Here are some suggested answers for the questions about testing, statistics, and assessment from the April 2008 issue of SHIKEN.
If you feel an answer is unclear or conclusion is incorrect, please contact the editor.

Part I: Open Questions

1 Q: A person with a hearing disability is asked to take an EFL placement test . . . . what's the most ethical way to rate such an individual?

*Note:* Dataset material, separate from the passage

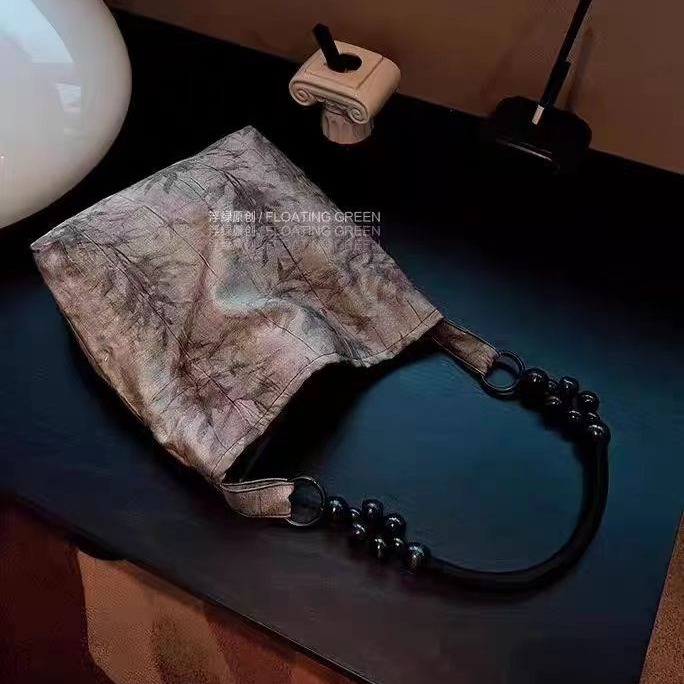 原創國風新中式蒼木竹葉做舊感大容量腋下單肩手提包小眾有拉鏈12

   A: First, we need to ascertain the test purpose and context. If the sole purpose is classroom streaming and the teachers administering the test already are familiar with the level of each class, then an informal placement interview might work well in lieu of the standard test. Basing the placement choice entirely on the reading test scores wouldn't be a wise option because EFL reading skills do not necessarily correlate highly with listening skills (Basabas-Ikeguchi,1988).
* If we are talking about a high-stakes test for which a comprehensive score is required, several options exist. If an examinee's hearing ability is only partly impaired, an assistive listening device (ALD) could be employed. If the hearing loss is total, the best option might be to use some type of captioning system. The STEP-Eiken provides captioning services for applicants unable to hear, but unfortunately ETS doesn't (ETS, 2007). Since an estimated .48% of the population is partly deaf and a further .18% is completely so (Holt, Hotto, and Cole, 1994), it is worth thinking about accommodations for those with auditory impairments in advance.

Further reading:

Basabas-Ikeguchi, C. (1988). Analysis of reading and listening comprehension skills in different language environments. Unpublished master's thesis, Dokkyo University. ERIC #: ED355807.

Burns, E. (1998). Test accommodations for students with disabilities. Springfield, IL: Charles C. Thomas.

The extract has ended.